### What is being asked
Only the lines running from the line with "Futuristisk Robotlampe med" to the end of the listing below should be copied, exactly, without pictures.

### Given data
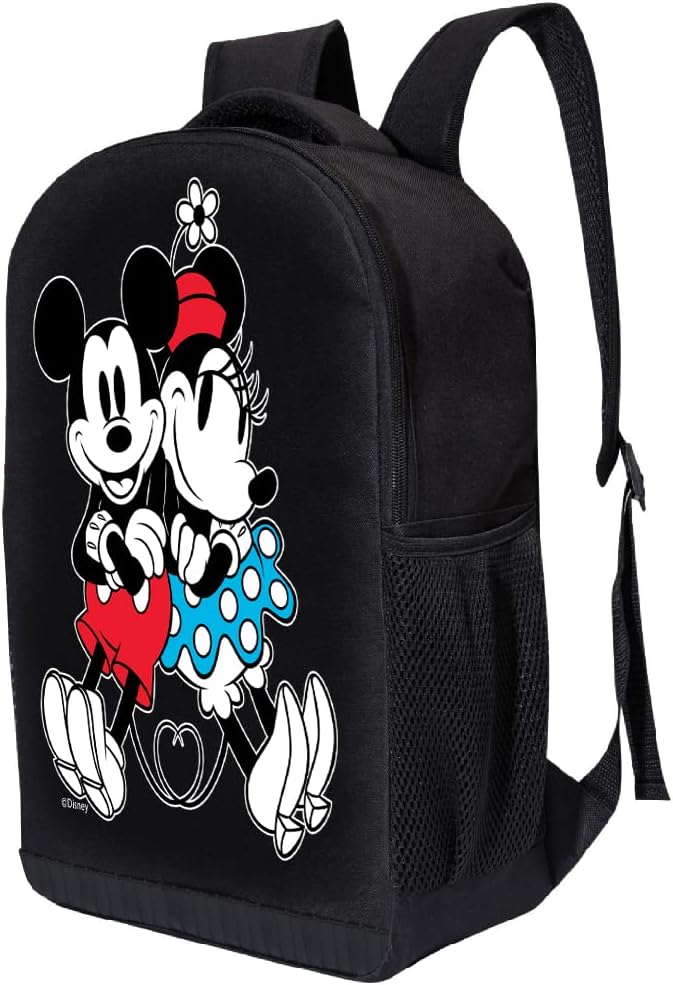 Disney Minnie Mouse Black Backpack for Women and Kids - 17 Inch Air Mesh Padded Womens Knapsack for School and Travel (Mickey-Minnie)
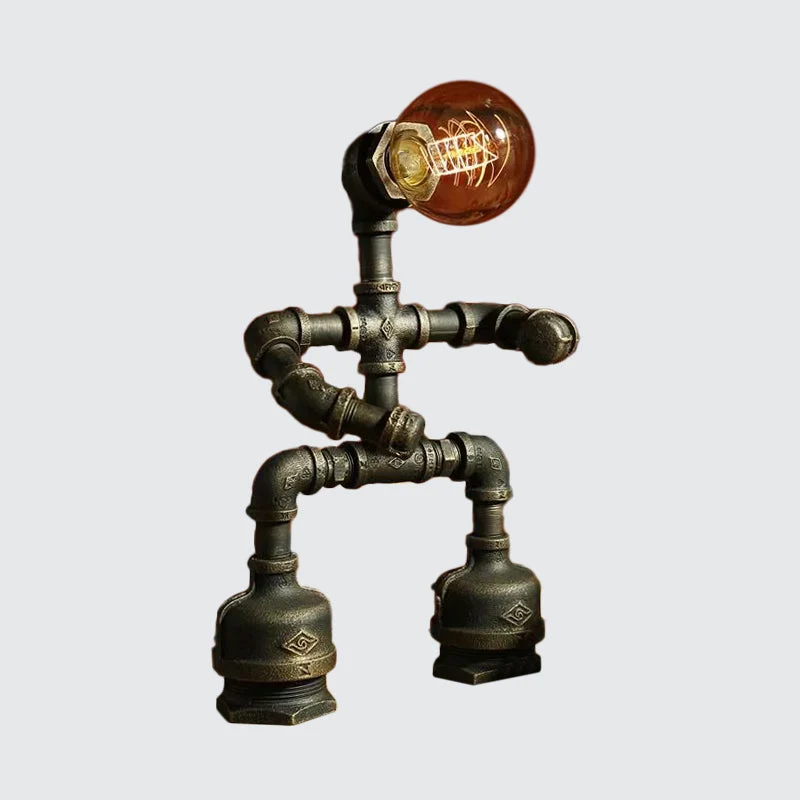 Futuristisk Robotlampe med Cyberpunk Design og LED Lys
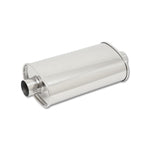 Polished 304 stainless steel Vibrant StreetPower 1132 oval muffler with 2.75 inch center inlet and outlet.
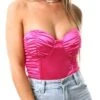 Saint Genies Fuchsia Janine Satin Underwired Ruched Detail Bodysuit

### Reply
 Futuristisk Robotlampe med Cyberpunk Design og LED Lys
 Polished 304 stainless steel Vibrant StreetPower 1132 oval muffler with 2.75 inch center inlet and outlet.
 Saint Genies Fuchsia Janine Satin Underwired Ruched Detail Bodysuit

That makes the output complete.